---------- GIVEN DATA
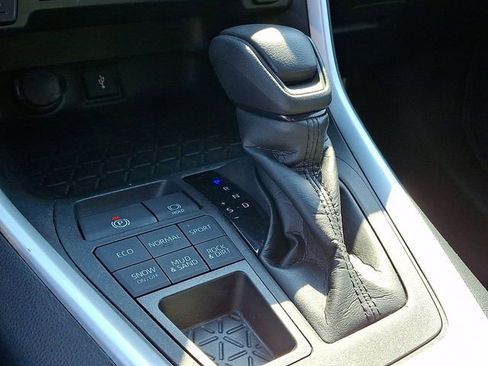 Certified 2021 Toyota RAV4 LE image 15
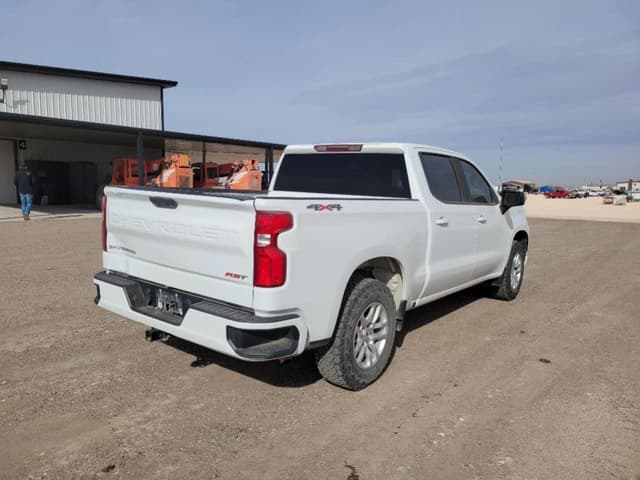 Image of Chevrolet 1500 equipment image 4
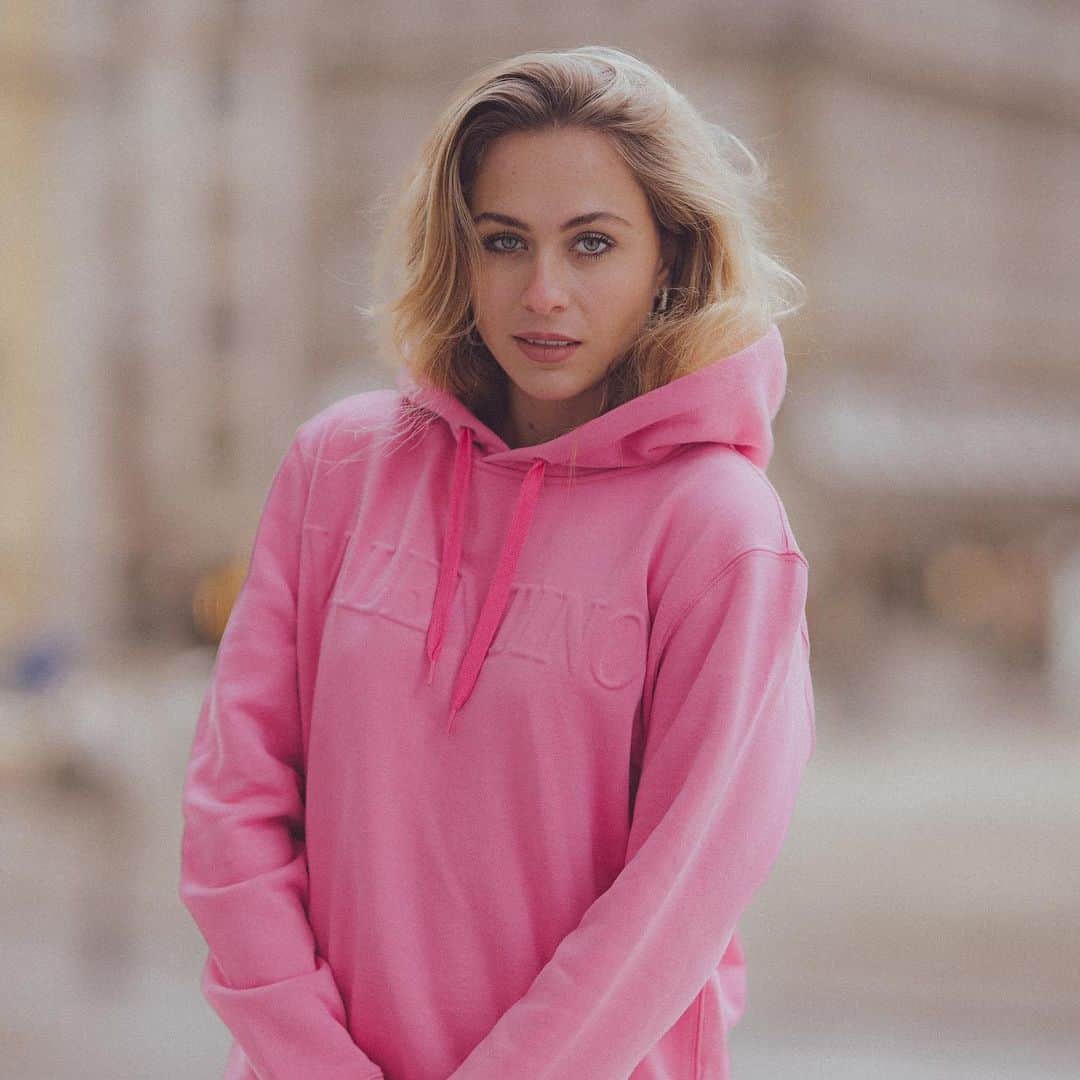 のインスタグラム：「Happy Friday 💗 // 📸 x @mrmlehmann // #sophia #sophia99 #changeagent #racegirl #racing #motorsport #munich #city #shooting #valentino」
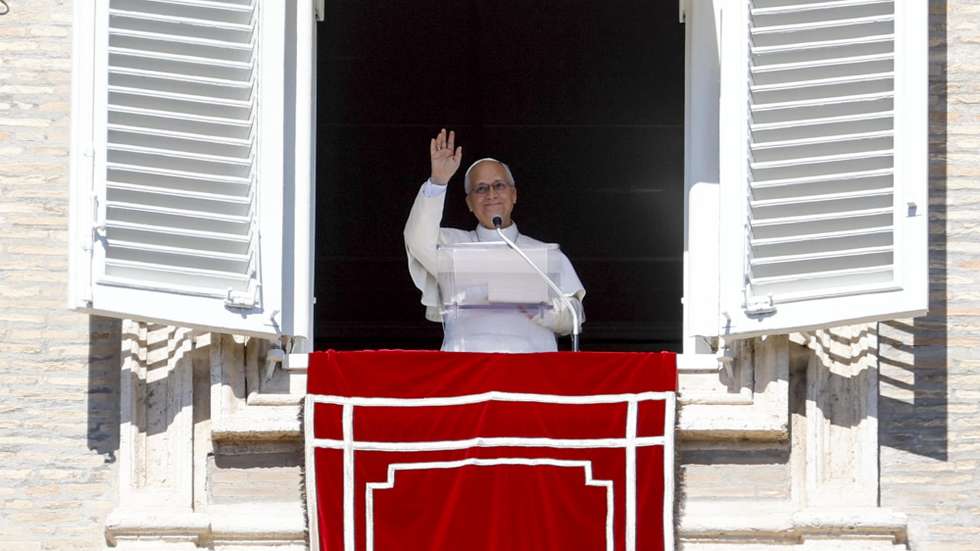 epa13296100 Pope Leo XIV leads the Angelus prayer from the window of his office overlooking Saint Peter's Square in Vatican City, 11 October 2026.  EPA/FABIO FRUSTACI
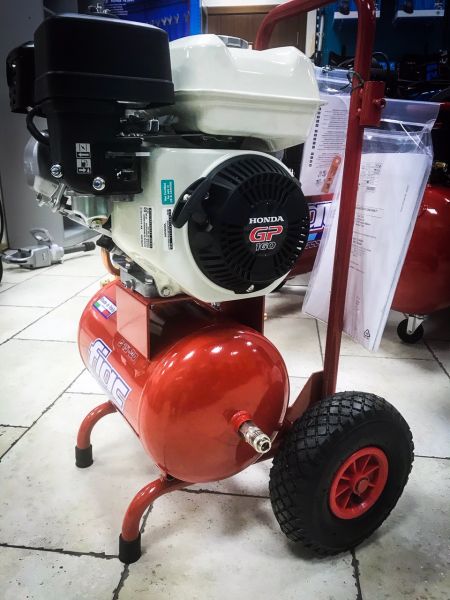 Компресор поршневий FIAC S1520 з двигуном HONDA 10 бар, продуктивність 16,50 м3/годину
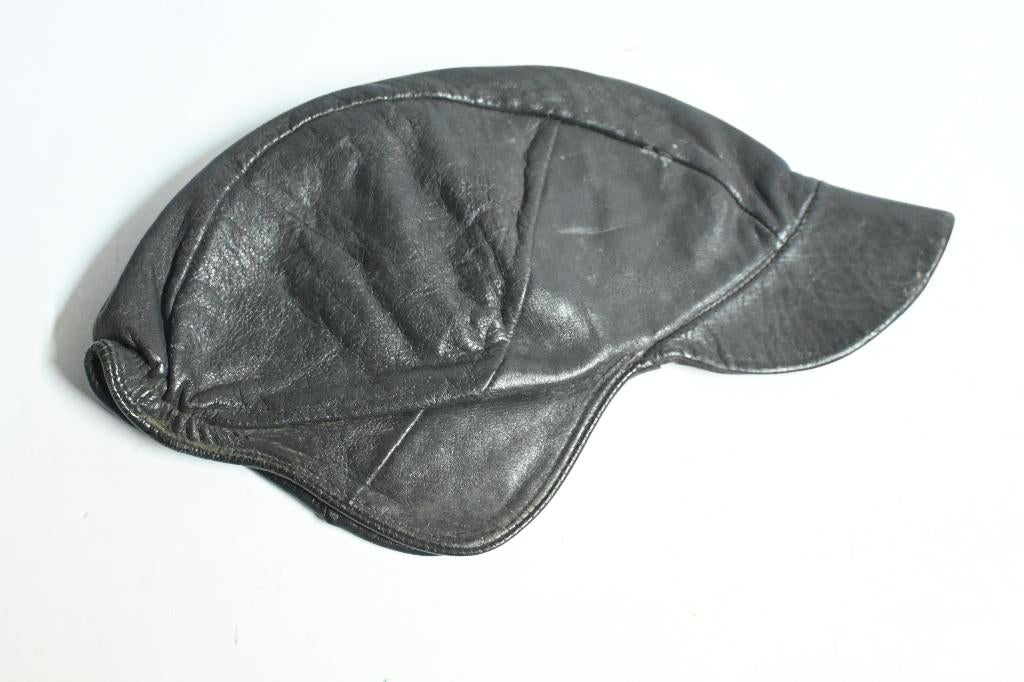 leren cap voor piloot ? etc onbekend model pet leer, Ophalen of Verzenden, Landmacht, Nederland, Helm of Baret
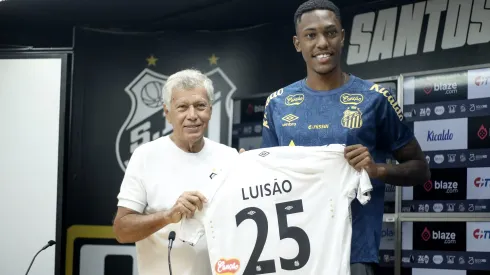SP – SANTOS – 14/01/2025 – SANTOS, APRESENTACAO ZE IVALDO E LUISAO – Luisao ao lado de Clodoaldo durante sua apresentacao oficial como jogador do Santos em coletiva de imprensa realizada na Vila Belmiro, nesta terca-feira (14). Foto: Reinaldo Campos/AGIF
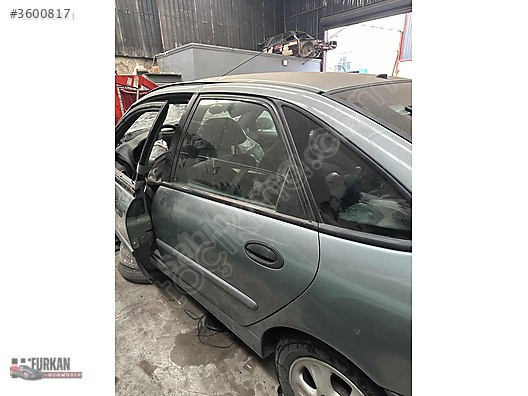 RENAULT LAGUNA SOL ARKA KAPI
--------------------
- [EXERCISE INSTRUCTIONS]: In the data above, retype only the stretch from the line with "epa13296100 Pope Leo" through the line with "leren cap voor", word for word, and skip any pictures.

- [SOLVED PROBLEM]:
 epa13296100 Pope Leo XIV leads the Angelus prayer from the window of his office overlooking Saint Peter's Square in Vatican City, 11 October 2026.  EPA/FABIO FRUSTACI
 Компресор поршневий FIAC S1520 з двигуном HONDA 10 бар, продуктивність 16,50 м3/годину
 leren cap voor piloot ? etc onbekend model pet leer, Ophalen of Verzenden, Landmacht, Nederland, Helm of Baret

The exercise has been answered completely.